Meanwhile Siricius had died, after having administered the bishopric of Rome fifteen years. Anastasius held the same bishopric three years, and then died, and was succeeded by Innocent. Flavian, who refused his consent to the deposition of John, was also dead; and Porphyry, being appointed to succeed him in the church of Antioch, where he agreed with those who had condemned John, many of those in Syria seceded from the church in Antioch, and because they made congregations among themselves, they were subjected to many cruelties. For the purpose of enforcing fellowship with Arsacius, and with this Porphyry and Theophilus, the bishop of Alexandria, a law was established, by the zeal of the powerful at court, that those who were orthodox should not assemble outside of the churches, and those who were not in communion with them should be expelled.

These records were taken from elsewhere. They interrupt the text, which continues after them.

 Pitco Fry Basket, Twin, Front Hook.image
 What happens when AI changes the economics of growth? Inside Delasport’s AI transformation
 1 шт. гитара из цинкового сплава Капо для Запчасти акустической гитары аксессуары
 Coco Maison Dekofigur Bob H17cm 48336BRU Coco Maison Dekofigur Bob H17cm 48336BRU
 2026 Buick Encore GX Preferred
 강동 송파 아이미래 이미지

About this period the dissensions by which the Church was agitated were followed, as is frequently the case, by disturbances and commotions in the state. The Huns crossed the Ister and devastated Thrace. The robbers in Isauria gathered in great numbers and ravaged cities and villages as far as Caria and Phœnicia. Stilicho, the general of Honorius, a man who had attained great power, if any one ever did, and had under his sway the flower of the Roman and of the barbarian soldiery, conceived feelings of enmity against the rulers who held office under Arcadius, and determined to set the two empires at enmity with each other. He caused Alaric, the leader of the Goths, to be appointed by Honorius to the office of general of the Roman troops, and sent him into Illyria; whither also he dispatched Jovius, the prætorian prefect, and promised to join them there with the Roman soldiers in order to add that province to the dominions of Honorius. Alaric marched at the head of his troops from the barbarous regions bordering on Dalmatia and Pannonia, and came to Epirus; and after waiting for some time there, he returned to Italy. Stilicho was prevented from fulfilling his agreement to join Alaric, by some letters which were transmitted to him from Honorius. These events happened in the manner narrated.

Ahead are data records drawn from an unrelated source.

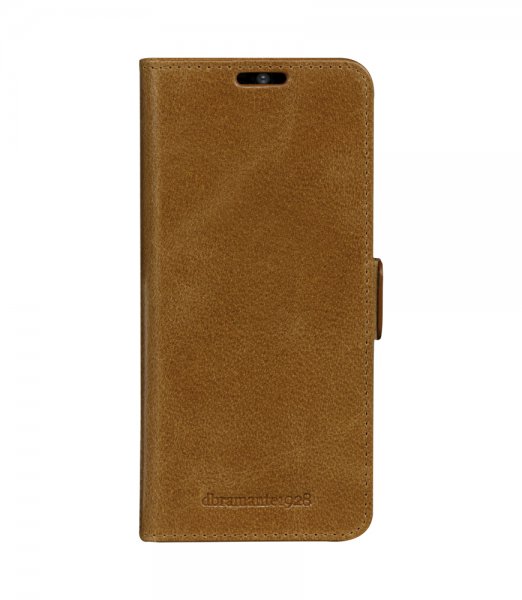 dbramante1928 Samsung Galaxy S20 Etui Lynge Löstagbart Deksel Tan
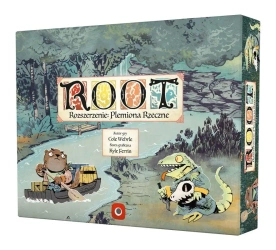 Root: Plemiona Rzeczne PORTAL - Cole Wehrle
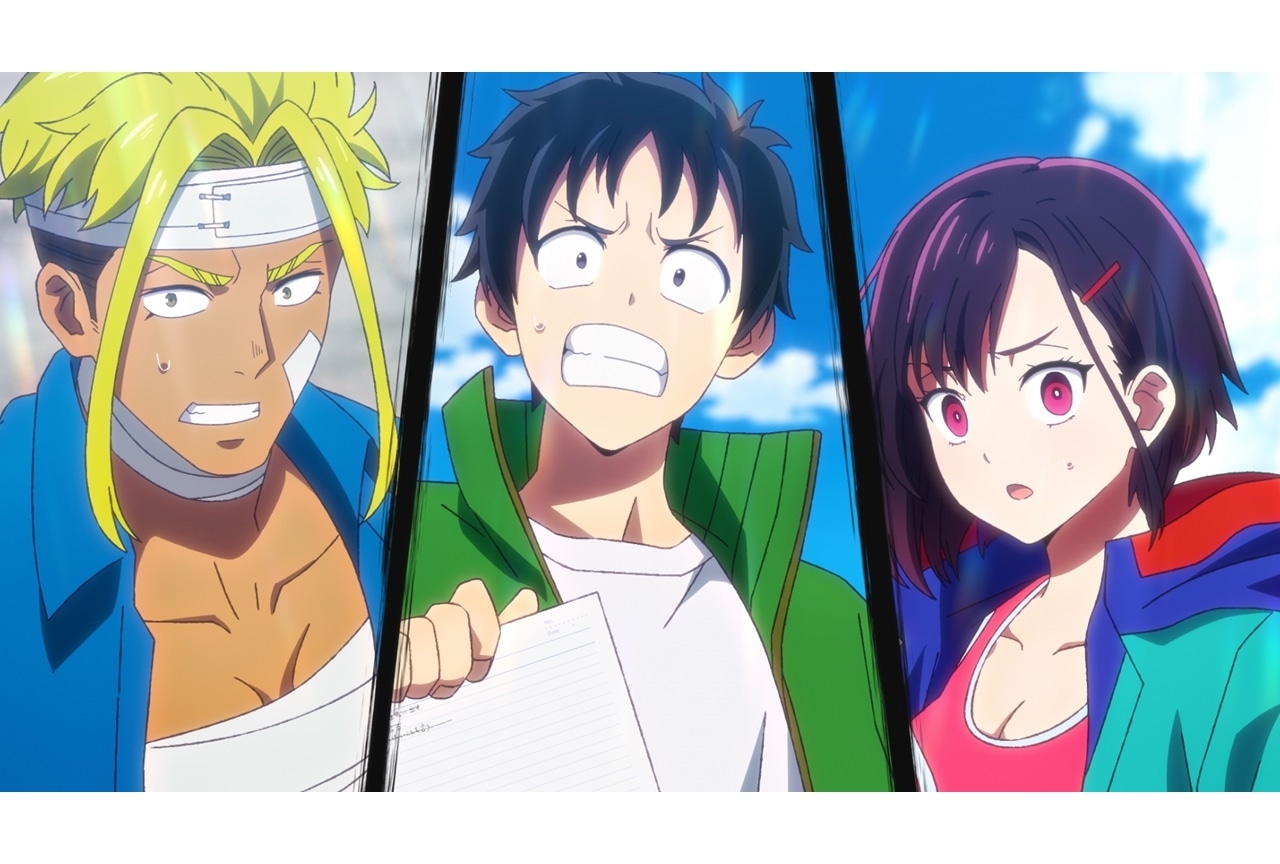 『ゾン100』第7話「SA オブ ザ デッド」先行場面カット＆あらすじ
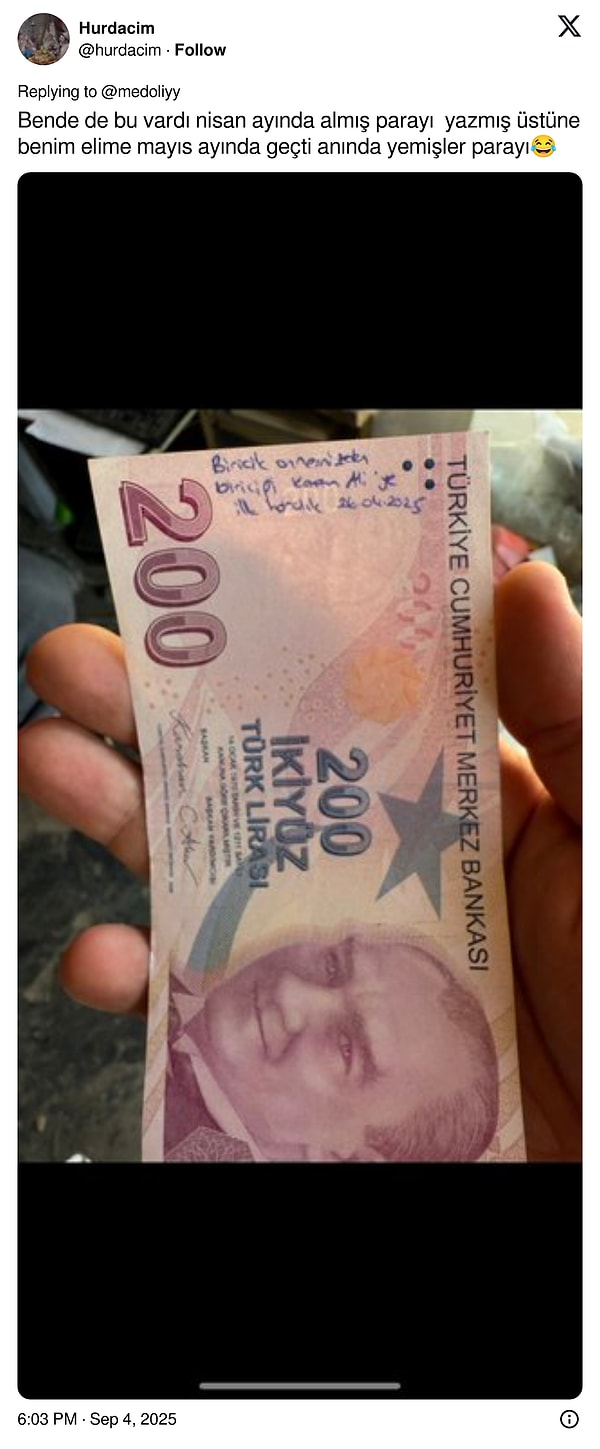 Birileri kapmış harçlığı...👇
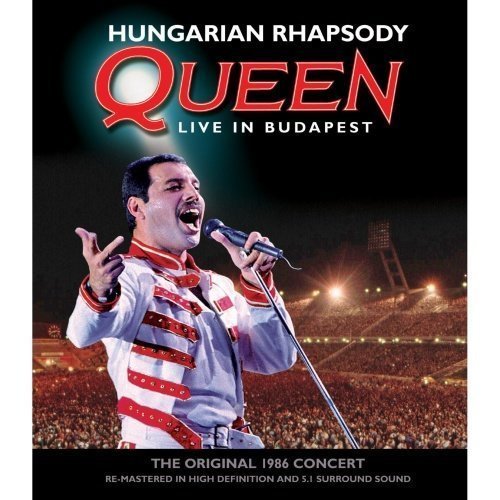Queen - Hungarian Rhapsody (Blu-ray)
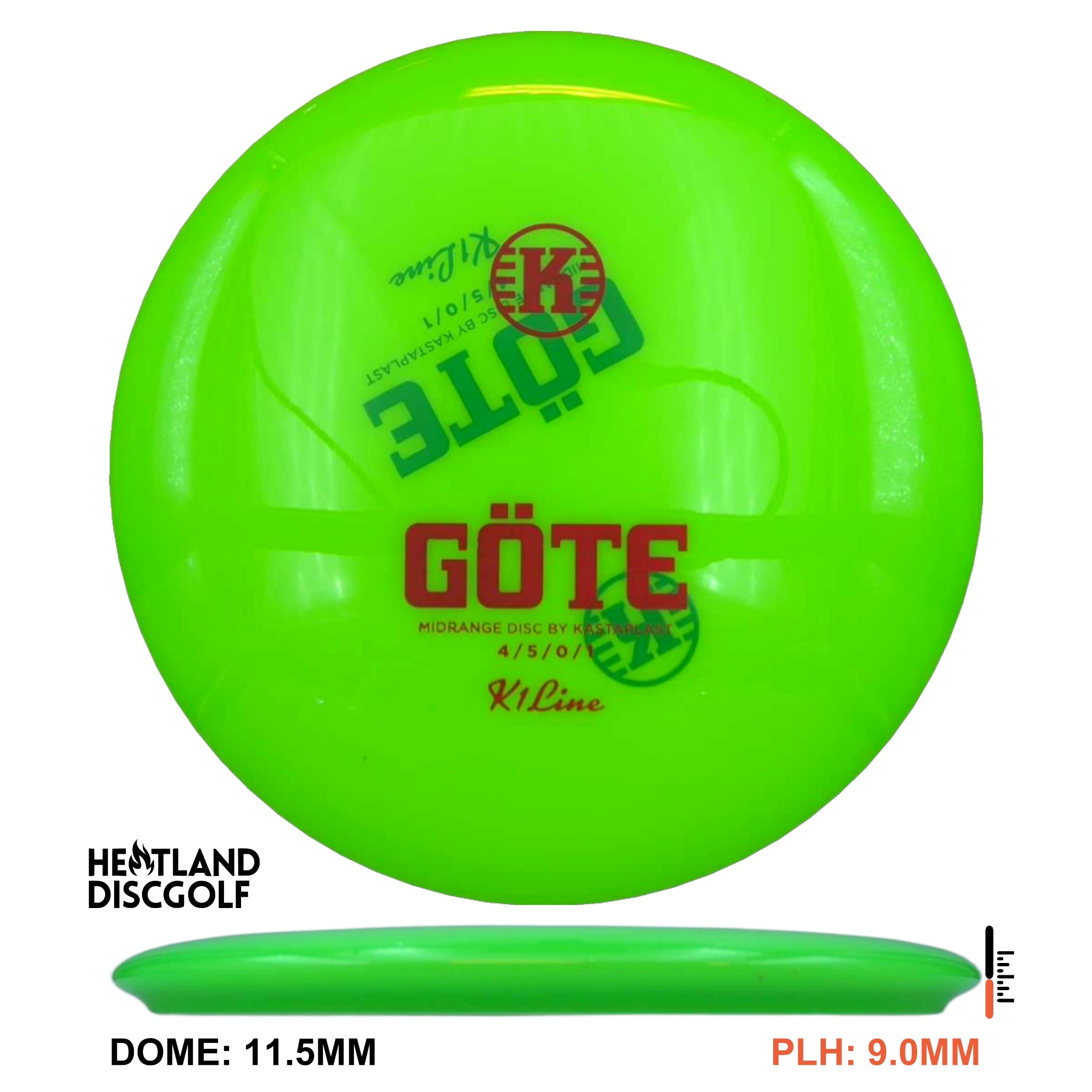 K1 Göte X-OUT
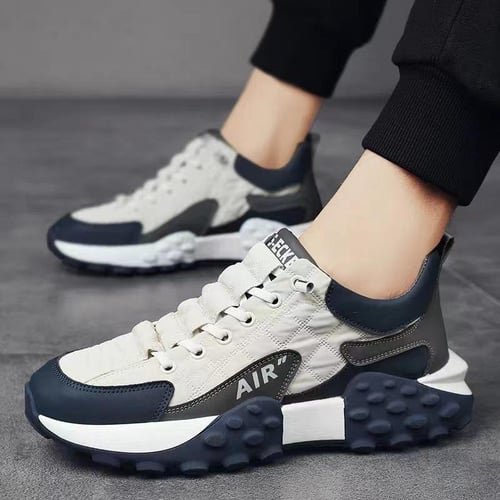 Men's trend lazy top casual sneakers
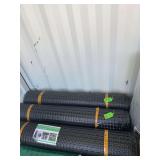 2026 Plastic Mesh Safety Fencing Roll 4.9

Innocent, bishop of Rome, was extremely indignant when apprised of the measures that had been adopted against John, and condemned the whole proceedings. He then turned his attention to the convocation of an œcumenical council, and wrote to John and to the clergy of Constantinople in part. Subjoined are the two letters, precisely as I found them, translated from the Latin into Greek.
Innocent, to the beloved brother John.
Although one conscious of his own innocence ought to expect every blessing and to ask for mercy from God, yet it seems well to us to send you a befitting letter by Cyriacus, the deacon, and to counsel you to long-suffering, lest the contumely cast upon you should have more power in subduing your courage than the testimony of a good conscience in encouraging you to hope. It is not requisite to teach you, who are the teacher and pastor of so great a people, that God always tries the best of men to see whether they will continue in the height of patience, and will not give way to any labor of suffering; and how true it is that the conscience is a firm thing against all that befalls us unjustly, and unless one be moved in these misfortunes by patience, he furnishes a ground for evil surmising. For he ought to endure everything, who first trusts in God, and then in his own conscience. Especially when an excellent and good man can exercise himself in endurance, he cannot be overcome; for the Holy Scriptures guard his thoughts, and the devout lections, which we expound to the people, abound in examples. These Scriptures assure us that almost all the saints are variously and continuously afflicted, and are tested by some investigation, and so have come to the crown of patience. Let your conscience encourage your love, O most honored brother; for that faculty amid tribulations possesses an encouragement for virtue. For since Christ, the Master, is observing, the purified conscience will station you in the haven of peace.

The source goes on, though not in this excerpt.